Work instructions - Could you please output all of the data exactly, without the images?

Given data -

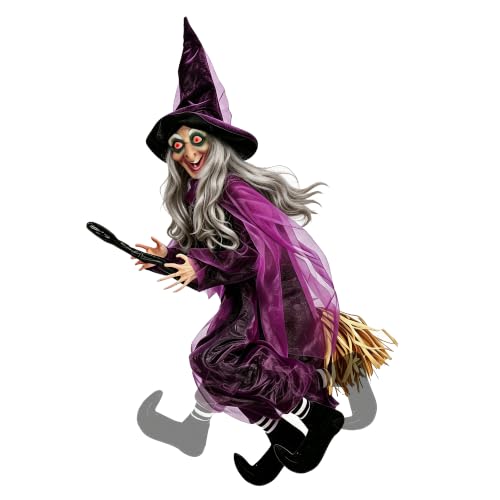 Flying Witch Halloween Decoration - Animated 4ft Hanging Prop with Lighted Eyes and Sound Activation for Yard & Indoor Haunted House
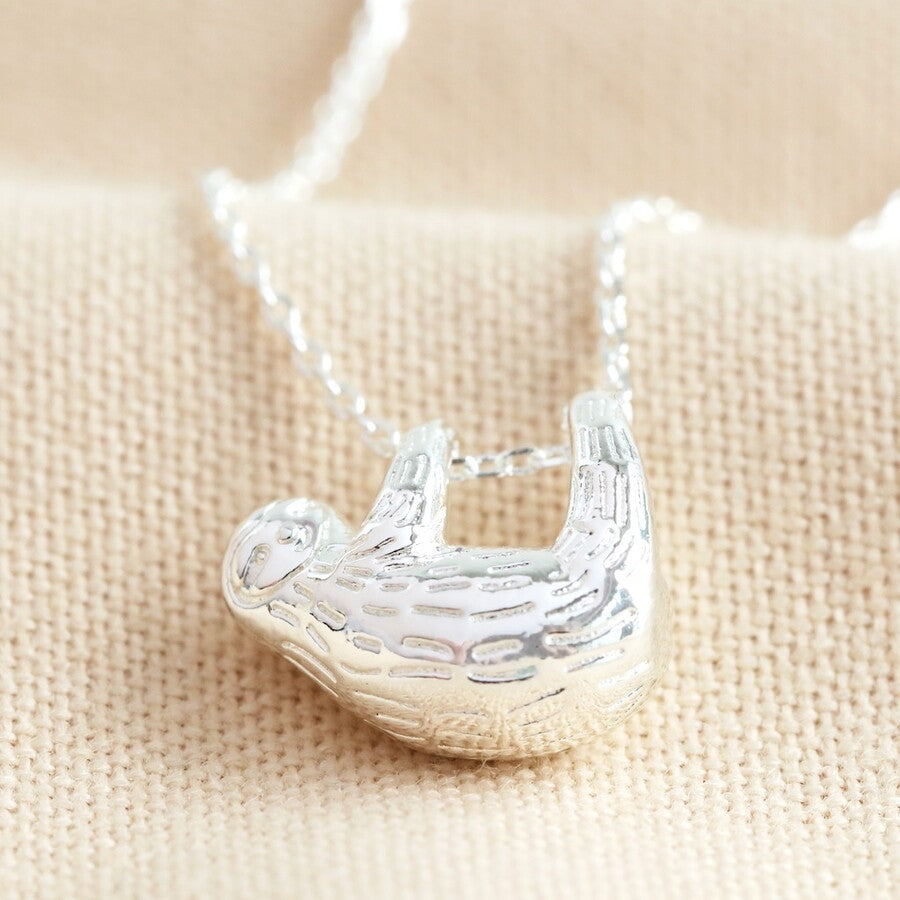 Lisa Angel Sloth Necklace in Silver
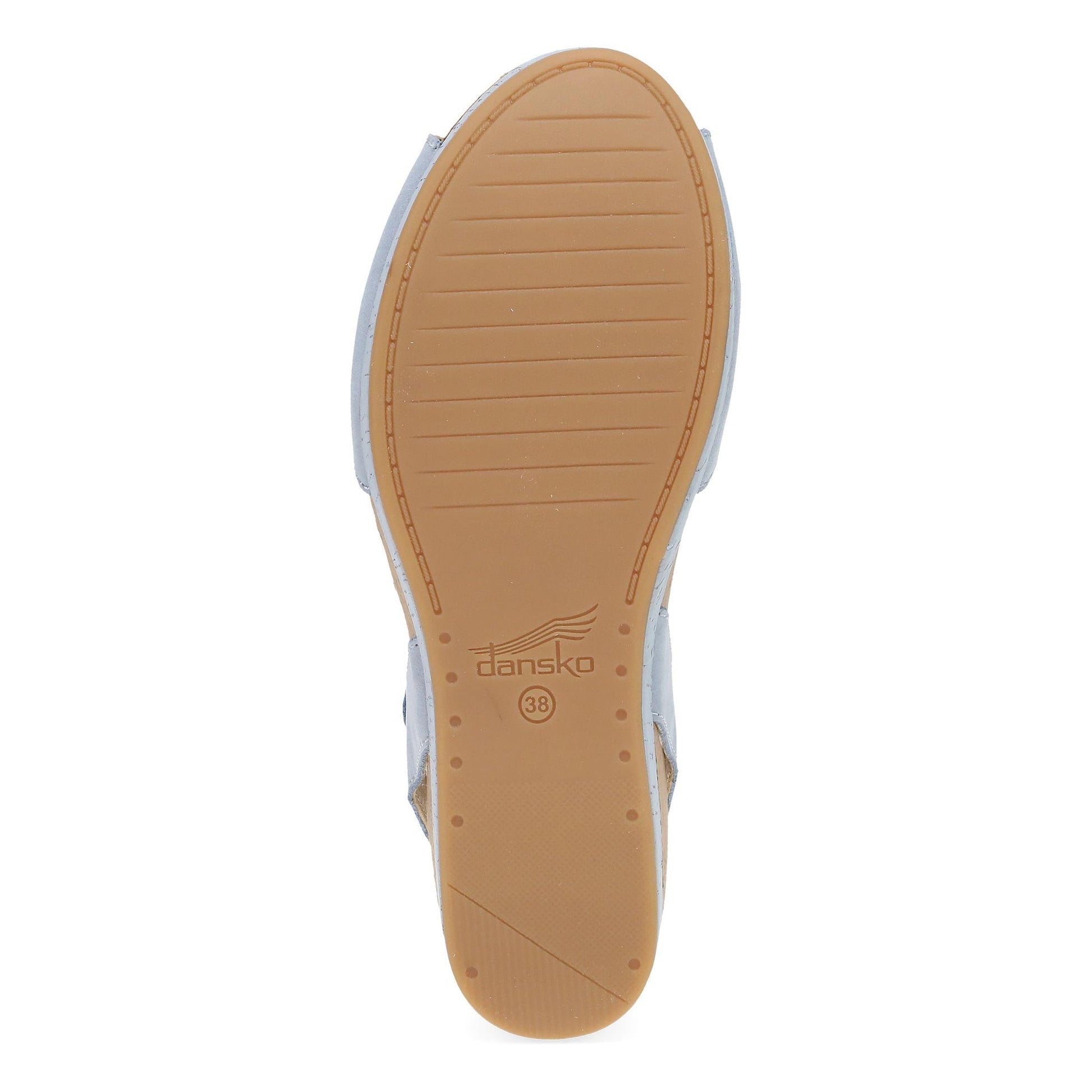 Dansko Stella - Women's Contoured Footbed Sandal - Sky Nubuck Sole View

Expected answer -
 Flying Witch Halloween Decoration - Animated 4ft Hanging Prop with Lighted Eyes and Sound Activation for Yard & Indoor Haunted House
 Lisa Angel Sloth Necklace in Silver
 Dansko Stella - Women's Contoured Footbed Sandal - Sky Nubuck Sole View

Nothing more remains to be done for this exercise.